In such circumstances, I was expecting a high number of defections and I would had even understood them. Quite surprisingly, in the end, almost everyone made it to the restaurant making a fairly crowded dinner with 18 people. As usual, italians made the largest group with 5 people followed by Germany and USA with 2 each, then Netherlands, Philippines, Norway, Finland, Chile Brazil, Croatia and the first Australian ever... and someone else the country was never discovered. Unfortunately, even if almost everyone showed up eventually, the weather took its toll in the form of huge delays, making the proper dinner start quite a bit late...

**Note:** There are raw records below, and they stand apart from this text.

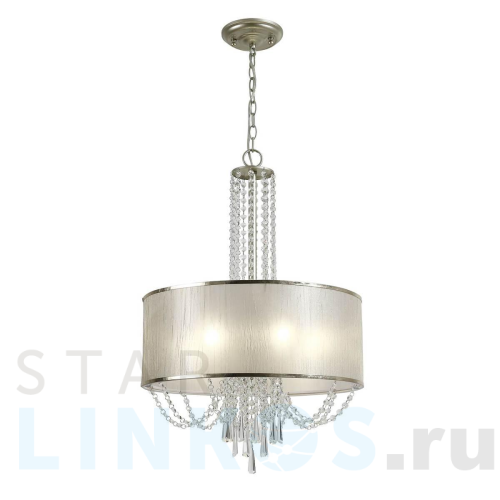 Купить Подвесная люстра F-Promo Elfo 3043-5P за 27 100 руб. в Туле Купить с доставкой Подвесная люстра F-Promo Elfo 3043-5P в Туле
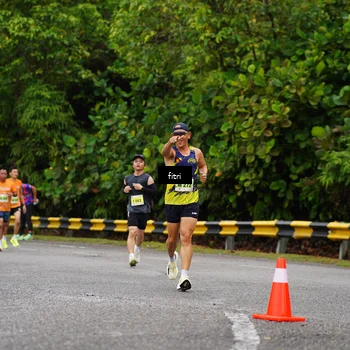 Runner Photo 8469521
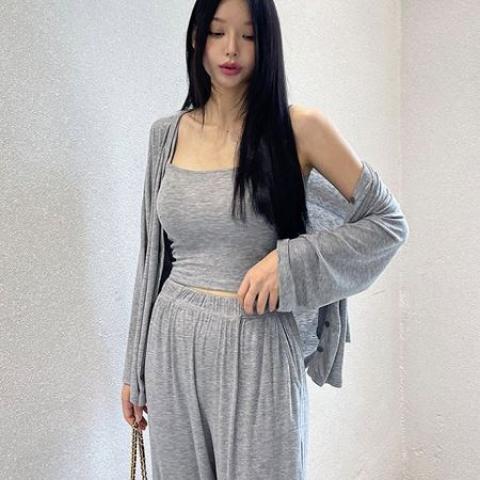 gwin 套裝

The restaurant itself didn't have enough place to accommodate all of us in a single table and so we were divided between a main table and two, smaller, ones. Speaking of the restaurant, located in via Giulia (right behind Campo dei Fiori), it turned out to be the only vietnamese restaurant left in Rome after the closing down of a more famous one near the British Embassy. It's pretty unassuming and barely noticeable from outside, and even inside it's nothing really impressive, made of two relatively small rooms. Putting together a standard menu was somewhat complex, in part due some communication problem with the owner and even worse with the waiters, which made problematic at first the service, but that eventually was reason of amusement more than annoyance.
Food was ok, even if not sensational, the best dish being probably, at least for my taste, the beef with onions and talks were, as usual, lively and cheerful (as you can see...). And while I was pretty much stuck against a wall and basically unable to move, fate made us discover the one who could become the official photographer for our future dinners in the person of Laura, who spent a big deal of time happily jumping around the tables to make pictures (being barely noticed while doing it, I must say, making for a couple of pretty funny pictures) and apparently immensely enjoying herself in the process.
Dinner went along smoothly and before we knew it, we arrived to the end, but apparently no one wanted to leave as we kept going with our talks and having more spare rice brought to the table as an excuse for keeping the tables (not like the owner of the place would had sent us out, anyway). But as always, things must come to an end and a few minutes before midnight we called it over, happy to discover that, in the meanwhile, the weather had improved and, despite the bitter cold (well, in italian terms, but what can you expect in a day when ice had been falling down from the sky the whole time?), we could had made it back home dry.